Il problema è che spesso, secondo gli esperti intervenuti nell’ambito della conferenza Parliamo sostenibile: come spiegare l’Esg al tuo cliente, si scambia l’interesse con la conoscenza. Anche quando si parla di risparmiatori. “Gli italiani non hanno ancora realizzato che l’educazione finanziaria rappresenta una competenza di base che serve a loro ma anche a garantire sostenibilità economica nel futuro”, spiega Giovanna Boggio Robutti, direttore generale di Feduf. “La domanda è: come facciamo ad accendere la loro curiosità? Bisogna trovare delle chiavi di comunicazione per entrare nella loro testa, che tende a chiudere le porte quando si tratta di parlare di questioni economico-finanziarie”. Per farsi ascoltare, anche quando si parla di sostenibilità, innanzitutto “bisogna avere qualcosa da dire”, aggiunge Diego Rizzuto, formatore e comunicatore scientifico di Taxi1729. “E oltre ad avere cose da dire bisogna aver capito quelle cose, perché se comunichiamo qualcosa che non abbiamo capito, il rischio è creare noia, dissonanza cognitiva e sofferenza.

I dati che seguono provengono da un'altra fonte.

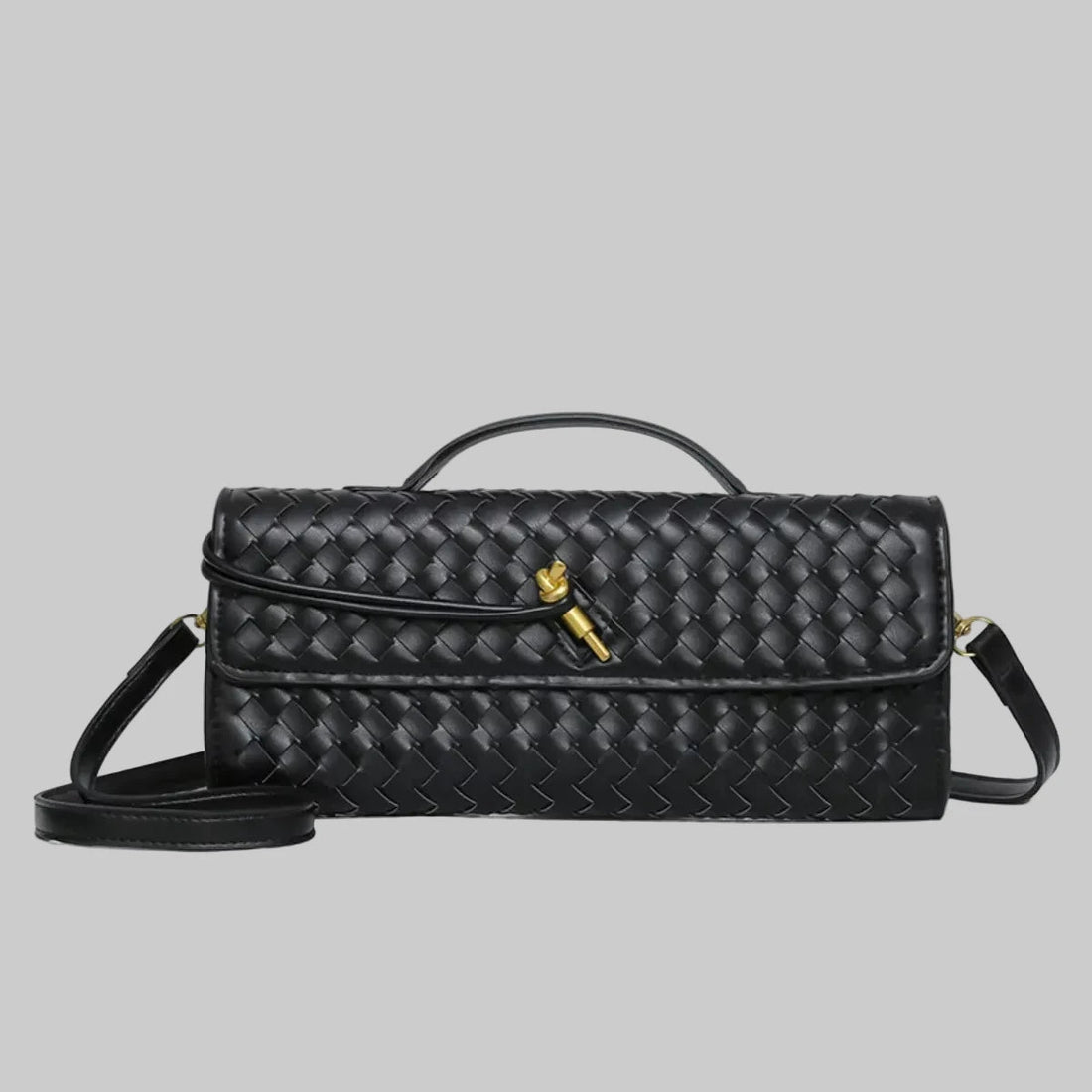 Woven Leather Crossbody Bag - JSandi - Jsandiclothing.com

Regola numero due: sfruttare le emozioni. I ricordi si colorano di emozione, per cui è più facile evocarli se associati a un’emozione. E poi storytelling, trasformare in storia ciò che si intende raccontare”.

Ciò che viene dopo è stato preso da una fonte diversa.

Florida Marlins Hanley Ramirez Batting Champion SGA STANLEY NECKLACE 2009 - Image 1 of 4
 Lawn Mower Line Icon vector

Per informarsi, come anticipato dai dati del rapporto, il 33% dei consulenti finanziari fa dunque riferimento ai siti di banche e società di gestione del risparmio. Ma qual è il ruolo dei gestori in questo contesto? “Sui nostri siti devono trovare trasparenza. Ma dobbiamo anche insegnare loro quali informazioni dare e spiegargli come stiamo costruendo questi prodotti”, osserva Alexia Giugni, country head di Dws. “Se prima parlare di sostenibilità significava parlare di alcuni fondi tematici, oggi si tratta di un tema trasversale”, spiega. Ogni singolo fondo deve essere guardato sotto la lente green. Ma non bisogna scambiare la sostenibilità unicamente come un tema d’investimento, avverte Lorenzo Alfieri, country head Italy di J.P. Morgan asset management. “La sostenibilità non è una scelta ma un percorso obbligato. Scambiarlo con un tema d’investimento significa dargli un orizzonte temporale medio-breve, con tutte le conseguenze del caso. Recentemente molti clienti hanno iniziato a lamentarsi perché i loro portafogli sostenibili stanno sottoperformando perché sottopesati sull’energia. Quando ci si trova di fronte al cliente finale bisogna imparare a gestire anche certe componenti psicologiche”. In definitiva, sono quattro gli elementi su cui giocare per una discussione efficace in tal senso. Almeno secondo Andrea Ragaini, vice direttore generale di Banca Generali. “Innanzitutto formazione. Comunicare in modo semplice e didascalico, partire dagli Sdgs (Sustainable development goals) e aiutare il cliente a capire che integrare i fattori Esg nel processo d’investimento consente di intercettare e ridurre il rischio”.